Commands to run in server:

  1. run the actual imputation on the batches on the cluster (needs hapmap to be recoded to beagle format as well, but I have these files for you)
    for each batch 
    do
    	java -Xmx11g -Djava.io.tmpdir=\$TMPDIR -jar beagle.jar unphased=$beagleLocation/chr$chromosome.bgl.$batch phased=$referenceLocation/HM2_Chr$chromosome-BEAGLE markers=$referenceLocation/markers_Chr$chromosome.txt missing=0 out=$outputLocation/Chr$chromosome/chr$chromosome-$batch
    done
    

Commands to run locally:

  1. convert the beagle imputed files into trityper format
    java -Xmx4g -jar ImputationTool.jar bttb $outputLocation Chr/ChrCHROMOSOME-BATCH $imputedTriTyperLocation $numSamples	
    
  2. correlate the imputed snps to the snps in the original dataset
    java -Xmx4g -jar ImputationTool.jar corr $trityperOutputLocation $datasetName $imputedTriTyperLocation $imputedDatasetName 
    
  3. (if needed) convert to other formats (plink dosage / ped+map))

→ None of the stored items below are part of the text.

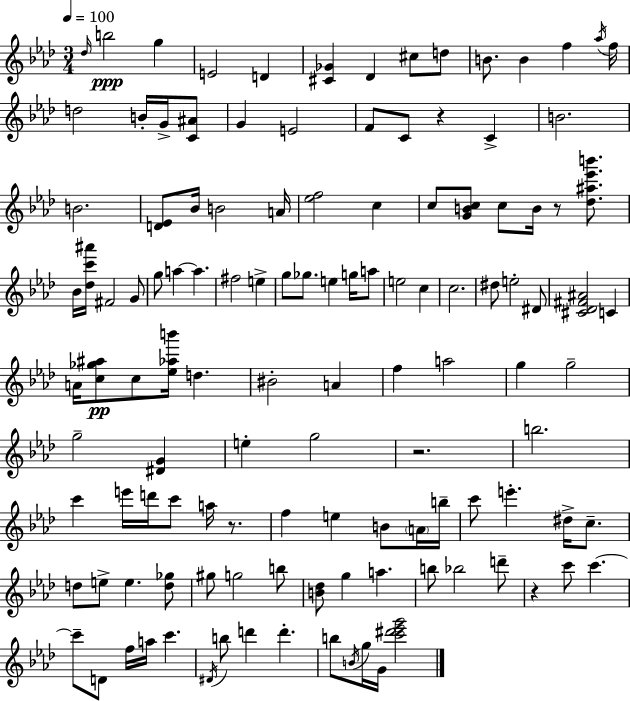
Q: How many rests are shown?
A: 5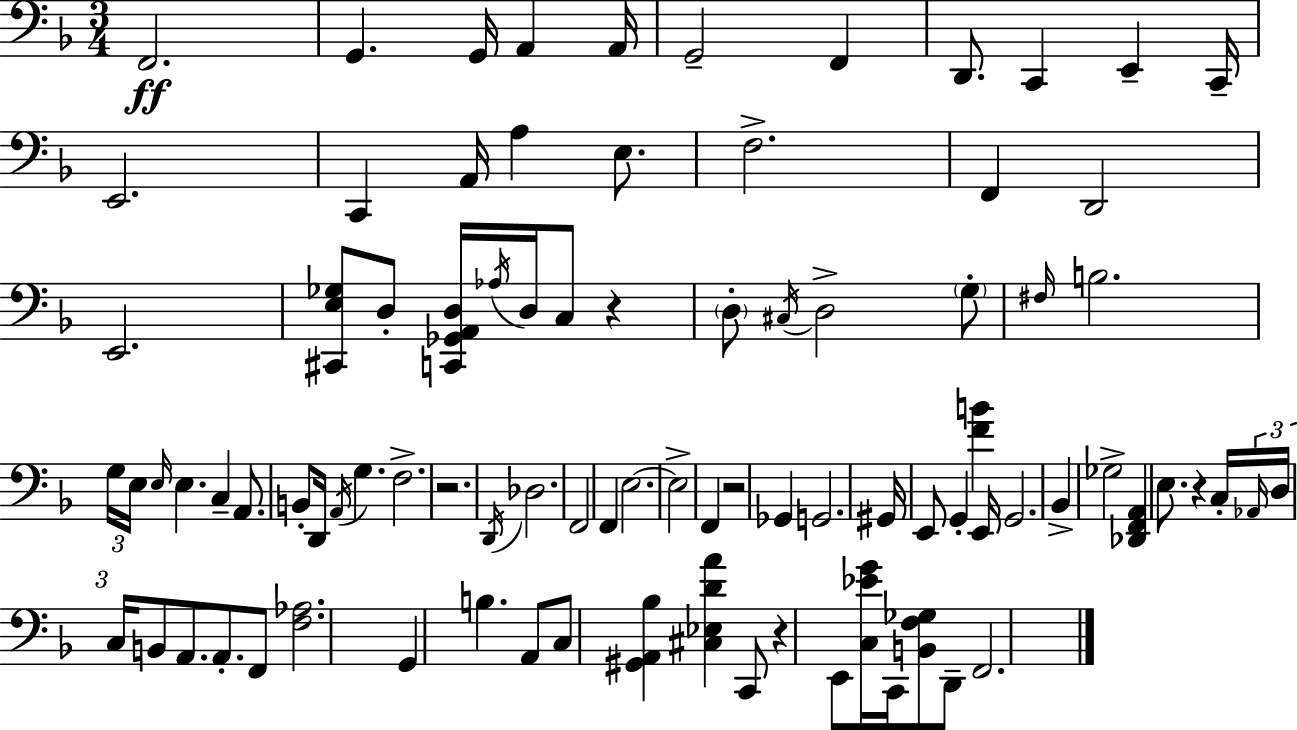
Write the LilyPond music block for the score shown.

{
  \clef bass
  \numericTimeSignature
  \time 3/4
  \key d \minor
  f,2.\ff | g,4. g,16 a,4 a,16 | g,2-- f,4 | d,8. c,4 e,4-- c,16-- | \break e,2. | c,4 a,16 a4 e8. | f2.-> | f,4 d,2 | \break e,2. | <cis, e ges>8 d8-. <c, ges, a, d>16 \acciaccatura { aes16 } d16 c8 r4 | \parenthesize d8-. \acciaccatura { cis16 } d2-> | \parenthesize g8-. \grace { fis16 } b2. | \break \tuplet 3/2 { g16 e16 \grace { e16 } } e4. | c4-- a,8. b,8-. d,16 \acciaccatura { a,16 } g4. | f2.-> | r2. | \break \acciaccatura { d,16 } des2. | f,2 | f,4 e2.~~ | e2-> | \break f,4 r2 | ges,4 g,2. | gis,16 e,8 g,4-. | <f' b'>4 e,16 g,2. | \break bes,4-> ges2-> | <des, f, a,>4 e8. | r4 c16-. \tuplet 3/2 { \grace { aes,16 } d16 c16 } b,8 a,8. | a,8.-. f,8 <f aes>2. | \break g,4 b4. | a,8 c8 <gis, a, bes>4 | <cis ees d' a'>4 c,8 r4 e,8 | <c ees' g'>16 c,16 <b, f ges>8 d,8-- f,2. | \break \bar "|."
}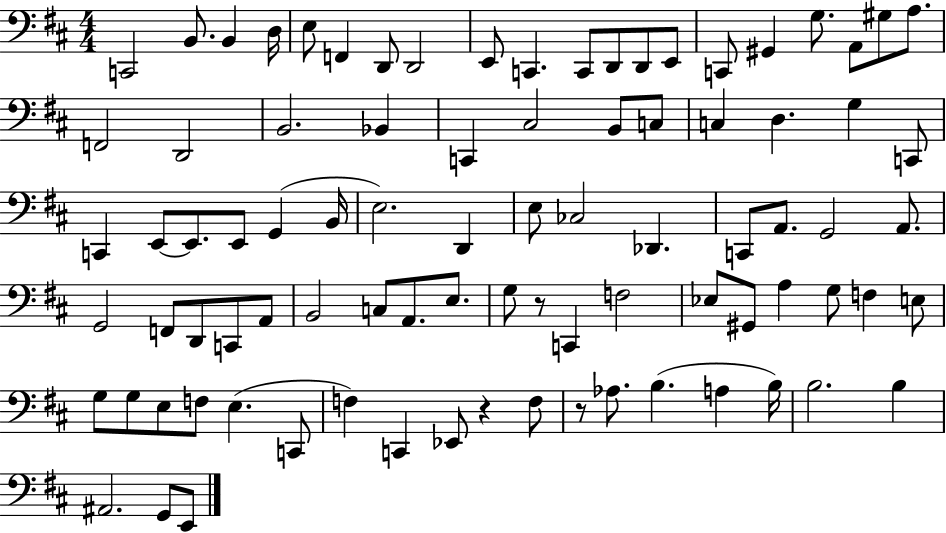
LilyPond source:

{
  \clef bass
  \numericTimeSignature
  \time 4/4
  \key d \major
  c,2 b,8. b,4 d16 | e8 f,4 d,8 d,2 | e,8 c,4. c,8 d,8 d,8 e,8 | c,8 gis,4 g8. a,8 gis8 a8. | \break f,2 d,2 | b,2. bes,4 | c,4 cis2 b,8 c8 | c4 d4. g4 c,8 | \break c,4 e,8~~ e,8. e,8 g,4( b,16 | e2.) d,4 | e8 ces2 des,4. | c,8 a,8. g,2 a,8. | \break g,2 f,8 d,8 c,8 a,8 | b,2 c8 a,8. e8. | g8 r8 c,4 f2 | ees8 gis,8 a4 g8 f4 e8 | \break g8 g8 e8 f8 e4.( c,8 | f4) c,4 ees,8 r4 f8 | r8 aes8. b4.( a4 b16) | b2. b4 | \break ais,2. g,8 e,8 | \bar "|."
}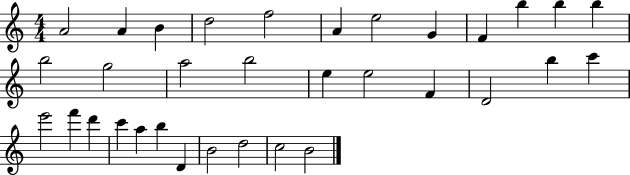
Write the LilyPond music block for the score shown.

{
  \clef treble
  \numericTimeSignature
  \time 4/4
  \key c \major
  a'2 a'4 b'4 | d''2 f''2 | a'4 e''2 g'4 | f'4 b''4 b''4 b''4 | \break b''2 g''2 | a''2 b''2 | e''4 e''2 f'4 | d'2 b''4 c'''4 | \break e'''2 f'''4 d'''4 | c'''4 a''4 b''4 d'4 | b'2 d''2 | c''2 b'2 | \break \bar "|."
}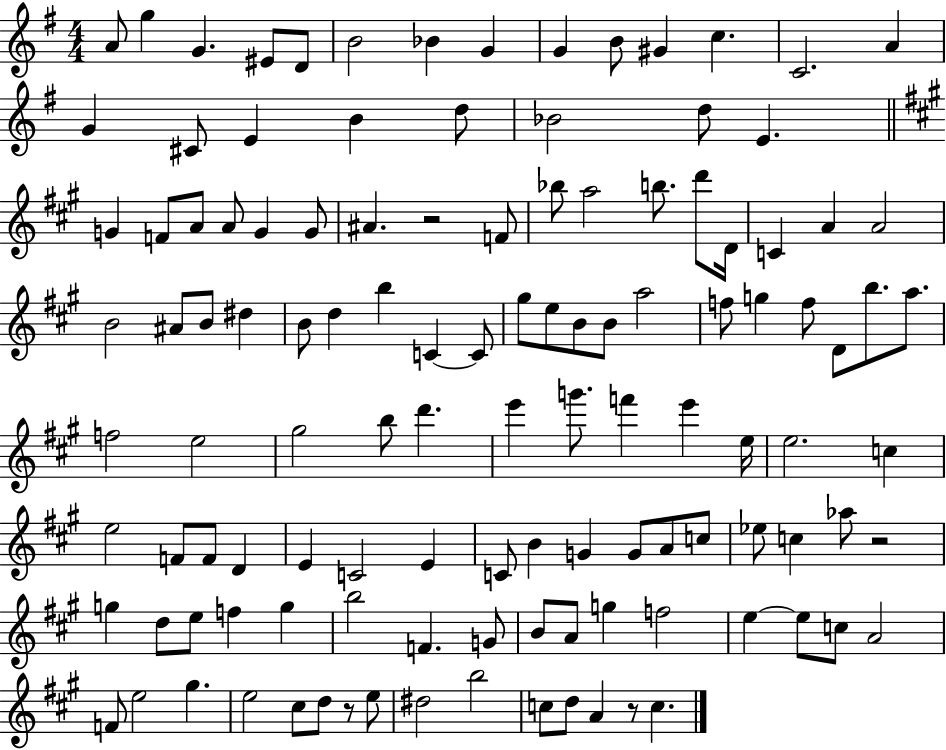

That's basically it. A lot simpler than the previous version, don't you think? The required tool is attached to this e-mail, but might still be a bit buggish. Any recommendations are therefore more than welcome.

IMPUTE pipeline

TODO: paste shell script descriptions of each step.

BEABLE pipeline

TODO: paste shell script descriptions of each step

Discussion

Mixing platforms may influence imputation results

We into some troubles, resulting in our test statistic being highly inflated (which is indicative of false positive results). We thought of some possible causes which might explain this effect, although we should still test them:

  • SNPs with bad imputation quality: we should remove SNPs with an R2 value < 0.90 prior to GWAS. These values are stored alongside the beagle imputation output. Taking a more stringent cutoff seemed to decrease the inflation, although you lose half of the SNPs.
  • batch effects caused by overrepresentation of a certain haplotype within an imputation batch: for each batch of samples, beagle estimates a best fitting model to predict the genotypes of the missing SNPs, which is dependent upon both the input data as the reference dataset. Cases and controls should be therefore randomly distributed across the batches. Another option is to use impute, rather than beagle, since its batches are across parts of the genome, instead of samples.
  • difference in source platform: different platforms have different SNP content. When you impute datasets coming from different platforms, the resulting model which is based on the input data is also different. When associating traits in a GWAS meta-analysis, these differences may account for a platform specific effect. We should therefore remove the SNPs which are non-overlapping between such platforms, prior to imputation, and impute the samples after combining the datasets. This would remove such a platform-bias, although would also cause a huge loss of available SNPs, when the overlap between platforms is small. However, in my opinion, this problem is similar to the batch effect problem, and can possibly be resolved by randomizing the sample content of the batches: the model will then possibly be fitted to the data that is available. In any case the datasets that are used in a meta-analysis should be imputed together.